(Data section)
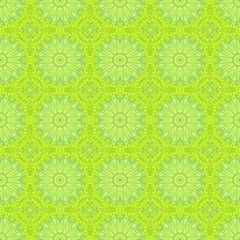 abstract floral green yellow, pale green and yellow green color pattern. seamless decorative backdrop for banner, cards, poster or creative fasion design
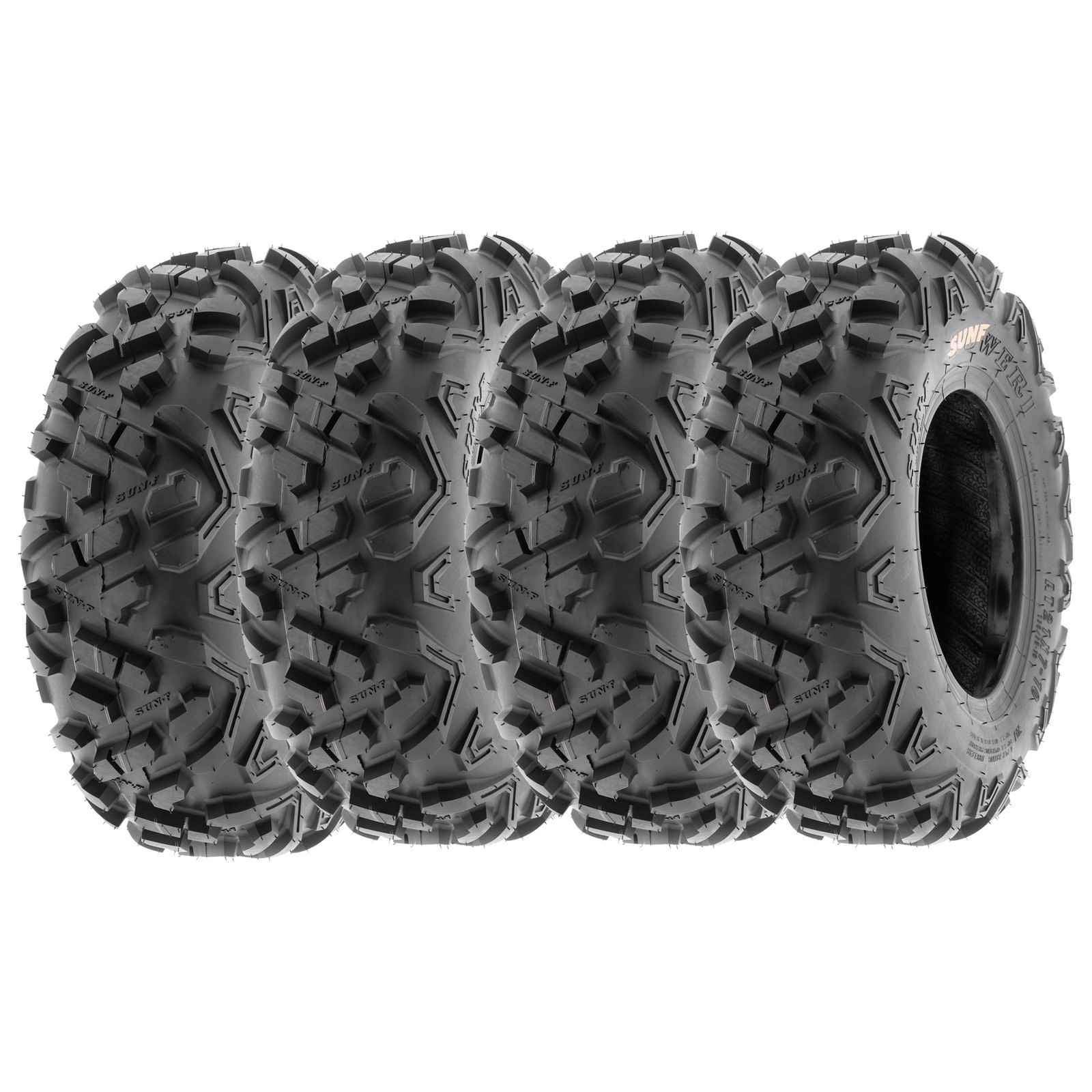 SunF 145/70-6  145/70x6 All Terrain Tires ATV UTV 6 PR A051 POWER II - Set of 4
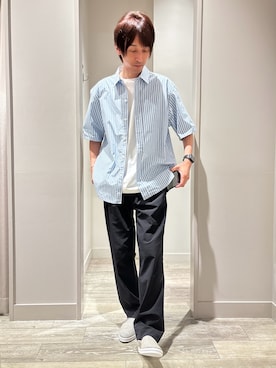 「ABAHOUSE GRAY（アバハウスグレイ）のアイテム」を使った、★たか★さん（メンズ・178cm）の夏コーディネート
(End Data section)
Could you reproduce all of the material exactly? Keep the pictures out of it.

 abstract floral green yellow, pale green and yellow green color pattern. seamless decorative backdrop for banner, cards, poster or creative fasion design
 SunF 145/70-6  145/70x6 All Terrain Tires ATV UTV 6 PR A051 POWER II - Set of 4
 「ABAHOUSE GRAY（アバハウスグレイ）のアイテム」を使った、★たか★さん（メンズ・178cm）の夏コーディネート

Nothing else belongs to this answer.